188 |                 return Some(&current_noderef.0.borrow().value)
    |                              ^^^^^^^^^^^^^^^^^^^^^^^^^^ does not live long enough
189 |             } else if current_noderef.0.borrow().value > value {
    |             - temporary value only lives until here

I don’t fully understand why current_noderef.0.borrow() does not live long enough. It should live as long as &current_noderef.0.borrow().value lives, no ? People helped me on IRC, and told me that returning a Ref instead might help here.

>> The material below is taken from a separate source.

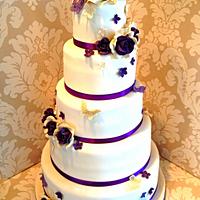 Ivory & purple 5 tier wedding cake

Here is the updated version. The only things that change are the signature and the return statement:

fn get(&self, value: T) -> Option<Ref<T>> {
    let mut current_noderef = self.clone();
    loop {
        if current_noderef.0.borrow().value == value {
            return Some(Ref::map(current_noderef.0.borrow(), |node| &node.value));
        } else if current_noderef.cl.0.borrow().value > value {
            match current_noderef.get_right() {
                Some(noderef) => {
                    current_noderef = noderef;
                }
                None => {
                    return None;
                }
            }
        } else {
            match current_noderef.get_left() {
                Some(noderef) => {
                    current_noderef = noderef;
                }
                None => {
                    return None;
                }
            }
        }
    }
}

Unfortunately this also fails because noderef.0 lives only during one iteration of the loop:

177 |                 return Some(Ref::map(current_noderef.0.borrow(), |node| &node.value));
    |                                      ^^^^^^^^^^^^^^^^^ does not live long enough
...
198 |     }
    |     - borrowed value only lives until here

I’ve tried many variations of this example with no success. Could someone come up with a working version of me get method? Or am I trying to do something fundamentally wrong here?

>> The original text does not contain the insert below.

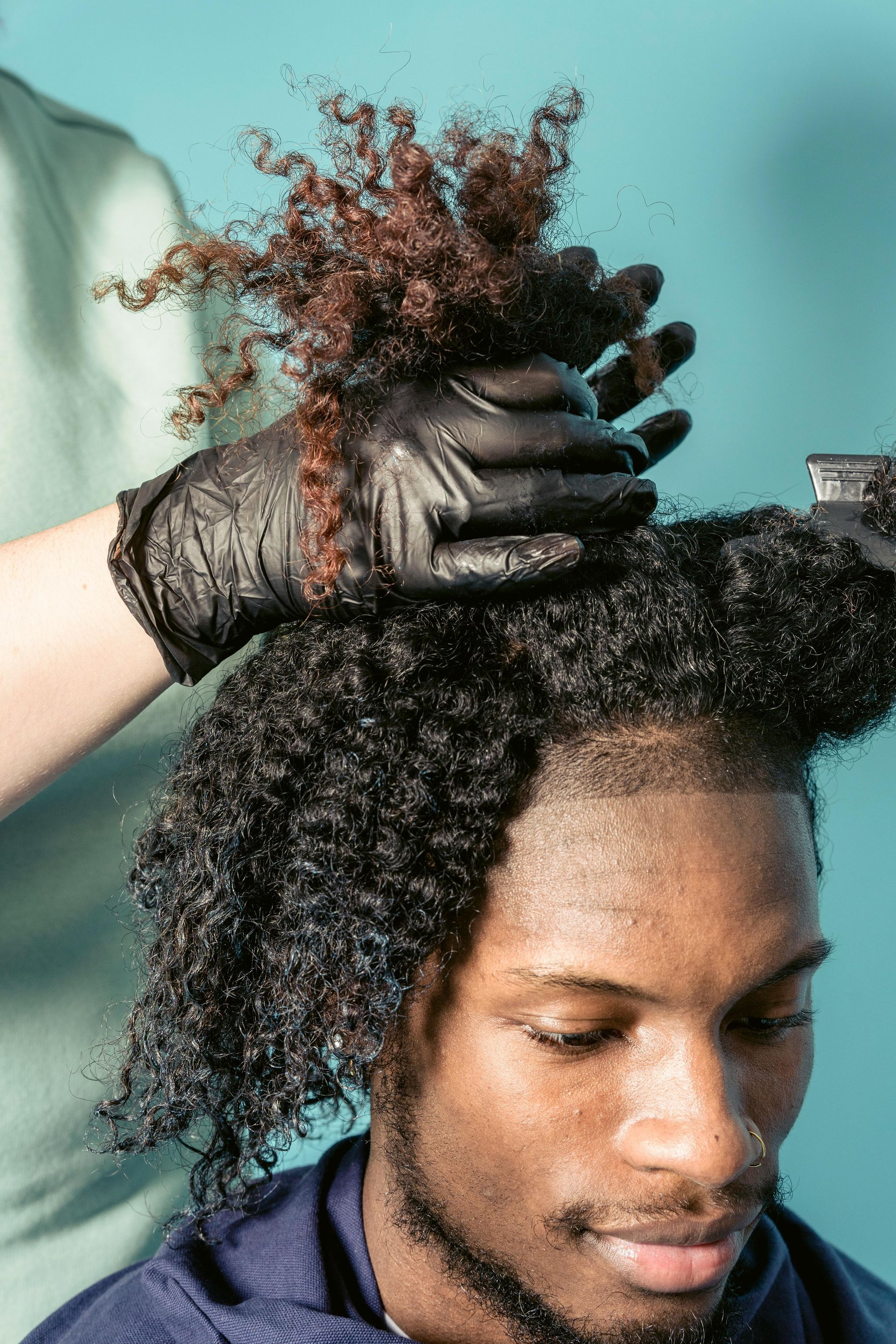 Man getting a hair treatment: Black hair, gloved hands, blue background.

I thought I mostly understood ownership and mutability, but my first experience with Rc and RefCell has been pretty frustrating :worried:


#2

Borrows of a value in a RefCell<T> must be reference-counted at runtime, to protect against mutation during a shared borrow. This is done by requiring a guard object called a Ref<T> to be alive during the borrow. When the Ref<T> is dropped, its destructor will decrement the borrow count. This is why your NodeRef can’t safely return an &T from a method, because nothing would prevent someone else from mutating the contents while that &T was still live, leading to undefined behavior.

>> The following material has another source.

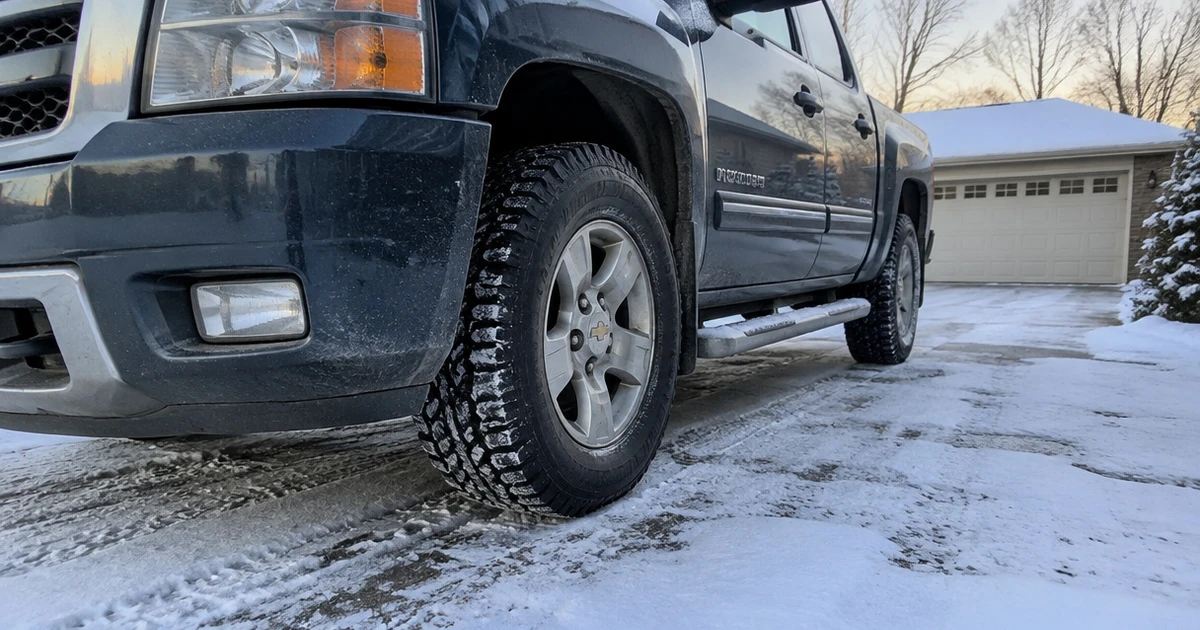 A pickup parked on a snowy driveway with Snow Tires for Trucks fitted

This also means that it will be tricky to implement any non-recursive traversal function that works by borrowing, because you will need a whole stack of Refs stay alive while you traverse the tree. (If you implement your traversals recursively, the Refs can just live on the call stack; this is how your insert function works.) And it’s hard to return anything useful from such a function because each Ref in the stack needs to outlive any returned reference.

One alternative is to clone/copy the data and return it by value (T rather than Ref<T> or &T), or to return a reference-counted pointer rather than a borrowed pointer. (In your case, you could return Rc<RefCell<_Node<T>>> or some wrapper type around this.) Another alternative is to write a recursive traversal function that takes a closure which will be run on the matching element.


#3

I think using Rc and RefCell here will make things more complicated than they need to be. If this is indeed a binary tree, then each node has exactly one owner (its parent), so Rc does not fit here semantically.

If you can avoid storing parent pointers, then your node can use only options and boxes:

struct Node<T> {
  value: T
  children: [Option<Box<Node<T>>>; 2]
}

If you do need parent pointers, than I’d suggest going unsafe, storing * mut Node<T> and implementing a custom Drop for a node. You should be able to provide a safe Tree abstraction around unsafe Nodes.

The third approach is to store all the nodes in a single Vec, and use indices instead of pointers (though this won’t work if you would be doing tree rotations, because you can’t safely mutably borrow several elements from the vector).